## Schelling's  Model of Segregation
Adapted from Frank McCown and Stanford's Nifty Assignments repository.

### Overview
Racial segregation has always been a pernicious social problem in the United States. Although much effort has been extended to desegregate our schools, churches, and neighborhoods, the [US continues to remain segregated](https://tcf.org/content/commentary/racial-segregation-is-still-a-problem/) by race and economic lines. Why is segregation such a difficult problem to eradicate?

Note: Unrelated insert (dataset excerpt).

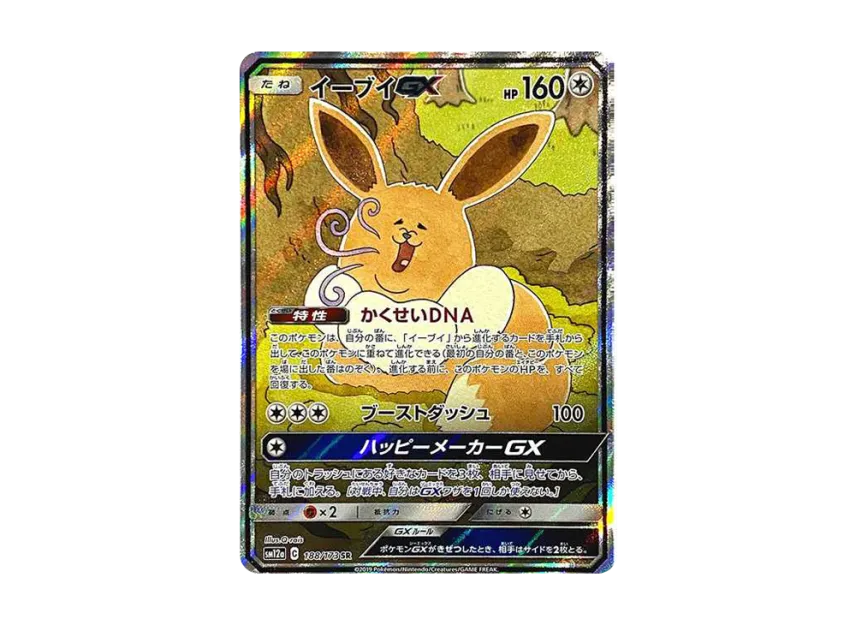 イーブイGX SR SA SM12a 188/173のPSA10カード画像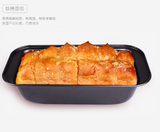 面包烘焙长方盘 25.4 x 13 x 5.8 cm 灰色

In 1971, the American economist [Thomas Schelling](https://en.wikipedia.org/wiki/Thomas_Schelling) created an agent-based model that might help explain why segregation is so difficult to combat. His model of segregation showed that even when individuals (or "agents") didn't mind being surrounded or living by agents of a different race, they would still choose to segregate themselves from other agents over time! Although the model is quite simple, it gives a fascinating look at how individuals might self-segregate, even when they have no explicit desire to do so.

### How the Model Works

Schelling's model will now be explained with some minor changes. Suppose there are two types of agents: X and O. The two types of agents might represent different races, ethnicity, economic status, etc. Two populations of the two agent types are initially placed into random locations of a neighborhood represented by a grid. After placing all the agents in the grid, each cell is either occupied by an agent or is empty as shown below. 

![alt text](http://www.cs.columbia.edu/~cannon/images/grid1.png "Agents placed randomly")

Now we must determine if each agent is satisfied with its current location. A satisfied agent is one that is surrounded by at least a fraction *t* of agents that are like itself. This threshold *t* is one that will apply to all agents in the model, even though in reality everyone might have a different threshold they are satisfied with. Note that the higher the threshold, the higher the likelihood the agents will not be satisfied with their current location.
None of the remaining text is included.